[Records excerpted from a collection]
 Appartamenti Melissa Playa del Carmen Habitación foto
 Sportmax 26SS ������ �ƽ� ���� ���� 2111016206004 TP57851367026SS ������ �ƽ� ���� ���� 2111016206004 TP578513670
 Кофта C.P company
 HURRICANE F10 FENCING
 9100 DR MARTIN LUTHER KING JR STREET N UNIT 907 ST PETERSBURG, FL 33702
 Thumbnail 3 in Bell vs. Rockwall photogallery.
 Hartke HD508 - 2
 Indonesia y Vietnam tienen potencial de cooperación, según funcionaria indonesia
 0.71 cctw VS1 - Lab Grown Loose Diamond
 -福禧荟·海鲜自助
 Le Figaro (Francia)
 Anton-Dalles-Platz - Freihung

---

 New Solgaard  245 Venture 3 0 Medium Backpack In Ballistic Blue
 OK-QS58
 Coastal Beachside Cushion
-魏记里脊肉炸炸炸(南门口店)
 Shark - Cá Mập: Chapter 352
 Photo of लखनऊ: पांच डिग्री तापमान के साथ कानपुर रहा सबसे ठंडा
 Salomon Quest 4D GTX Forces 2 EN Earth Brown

» **Directions**:
From the records above, extract exactly and only the lines that begin at the line with "Thumbnail 3 in" and stop after the line with "Anton-Dalles-Platz - Freihung".

» **Result of this exercise**:
 Thumbnail 3 in Bell vs. Rockwall photogallery.
 Hartke HD508 - 2
 Indonesia y Vietnam tienen potencial de cooperación, según funcionaria indonesia
 0.71 cctw VS1 - Lab Grown Loose Diamond
 -福禧荟·海鲜自助
 Le Figaro (Francia)
 Anton-Dalles-Platz - Freihung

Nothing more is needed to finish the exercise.